_Exercise objective_. In your copy of the records, include every word exactly and no pictures.

_Source information_.
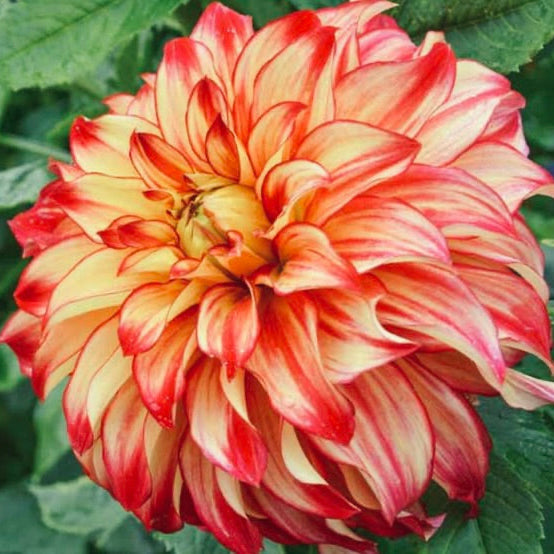 Close-up of a red and yellow dahlia flower with green leaves in the background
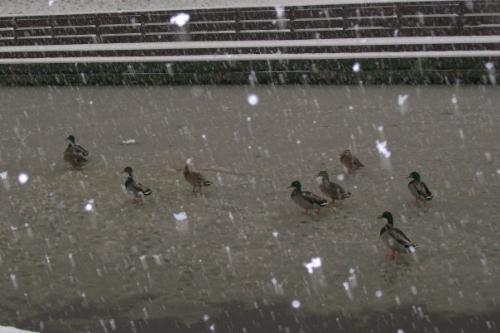 Poor ducks - The ducks have to learn to ice skate!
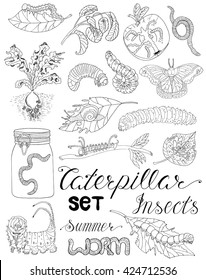 Hand drawn set with pests, larva, caterpillars, moth, worms and other invader insects isolated. Doodle line art illustration and graphic sketch, black and white vector with icons, gardening theme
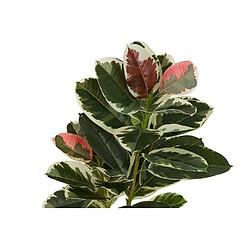 Alexandra House Living Plante Dieffenbachia Maculata 50X50X85 Cm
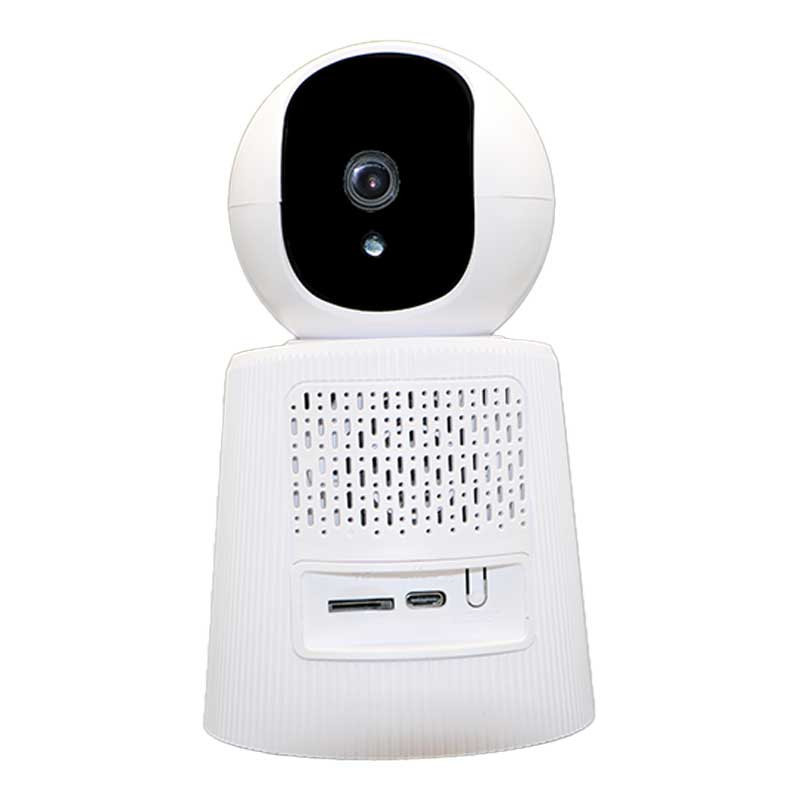 دوربین مداربسته تحت شبکه رایمون مدل 2 مگاپیکسل کد RW-300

_Response to this task_.
 Close-up of a red and yellow dahlia flower with green leaves in the background
 Poor ducks - The ducks have to learn to ice skate!
 Hand drawn set with pests, larva, caterpillars, moth, worms and other invader insects isolated. Doodle line art illustration and graphic sketch, black and white vector with icons, gardening theme
 Alexandra House Living Plante Dieffenbachia Maculata 50X50X85 Cm
 دوربین مداربسته تحت شبکه رایمون مدل 2 مگاپیکسل کد RW-300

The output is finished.